**Exercise**. Look below for the line that contains "Sambalpuri silk saree", then quote it and all the lines after it, exactly, with the pictures left out.

*** Opening of Material for this exercise ***

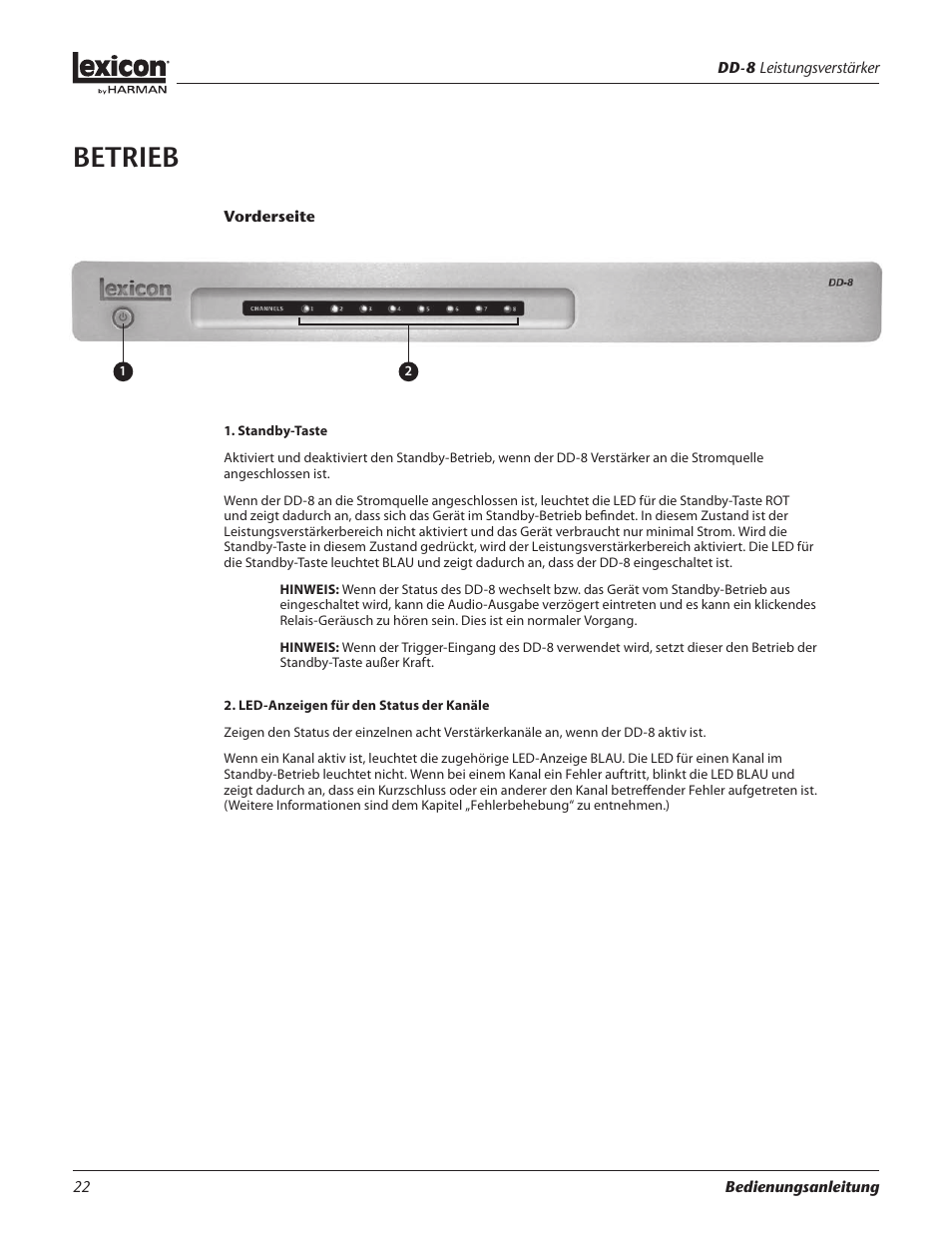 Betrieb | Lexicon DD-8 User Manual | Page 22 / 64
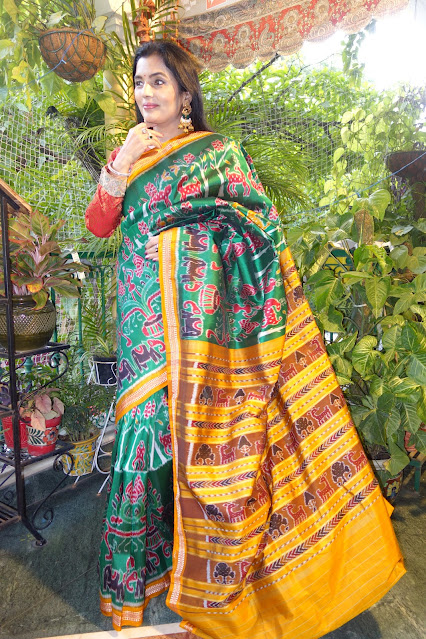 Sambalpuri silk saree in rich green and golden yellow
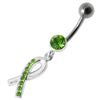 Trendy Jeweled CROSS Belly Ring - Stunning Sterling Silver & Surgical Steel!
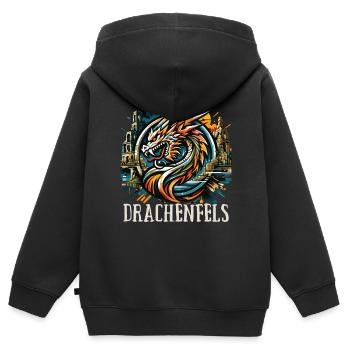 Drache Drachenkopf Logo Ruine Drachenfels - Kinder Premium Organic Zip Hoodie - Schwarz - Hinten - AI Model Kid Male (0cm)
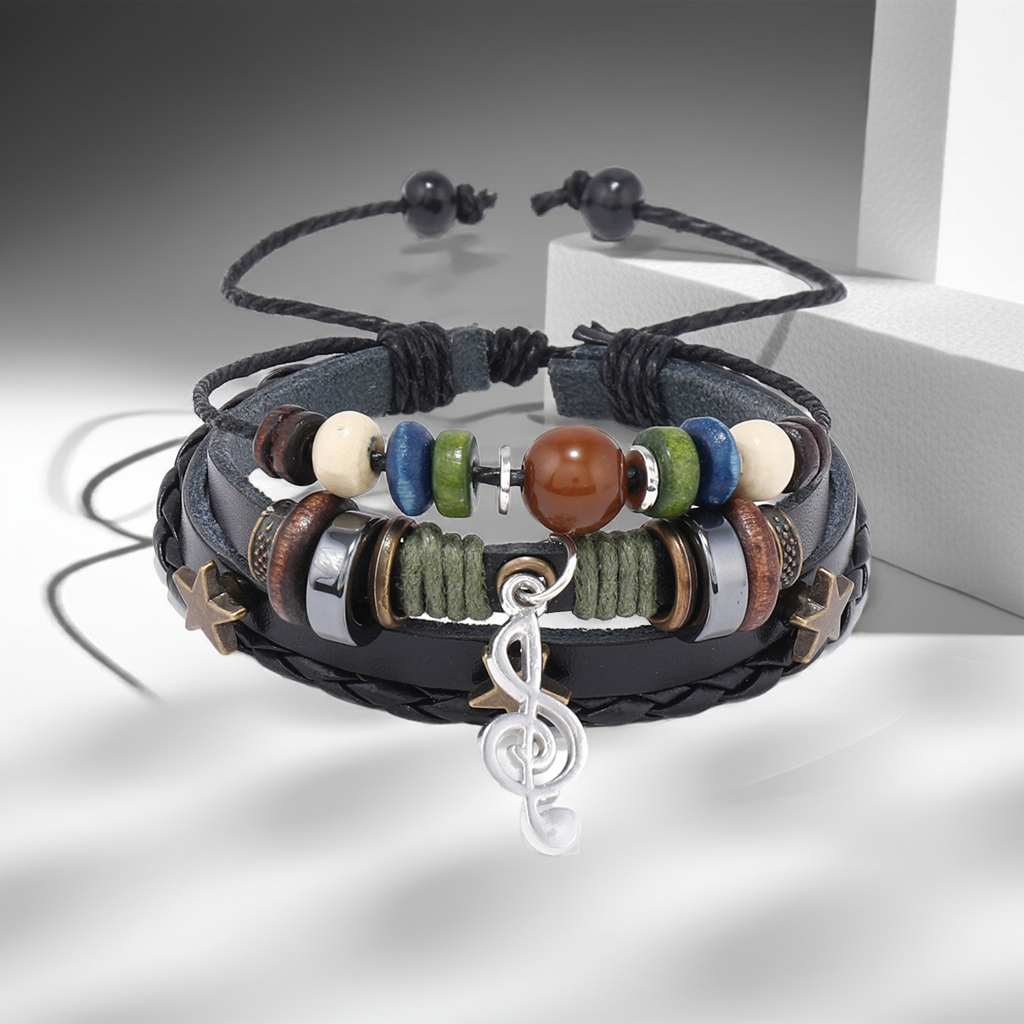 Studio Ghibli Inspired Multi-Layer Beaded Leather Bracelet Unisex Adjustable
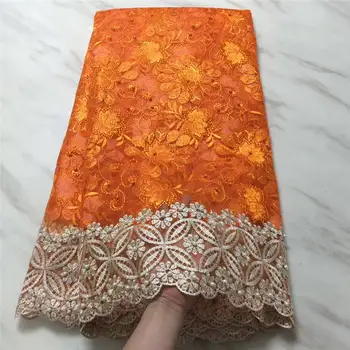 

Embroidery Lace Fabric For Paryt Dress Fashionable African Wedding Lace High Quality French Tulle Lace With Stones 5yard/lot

*** Close of Material for this exercise ***

**Output**.
 Sambalpuri silk saree in rich green and golden yellow
 Trendy Jeweled CROSS Belly Ring - Stunning Sterling Silver & Surgical Steel!
 Drache Drachenkopf Logo Ruine Drachenfels - Kinder Premium Organic Zip Hoodie - Schwarz - Hinten - AI Model Kid Male (0cm)
 Studio Ghibli Inspired Multi-Layer Beaded Leather Bracelet Unisex Adjustable

Embroidery Lace Fabric For Paryt Dress Fashionable African Wedding Lace High Quality French Tulle Lace With Stones 5yard/lot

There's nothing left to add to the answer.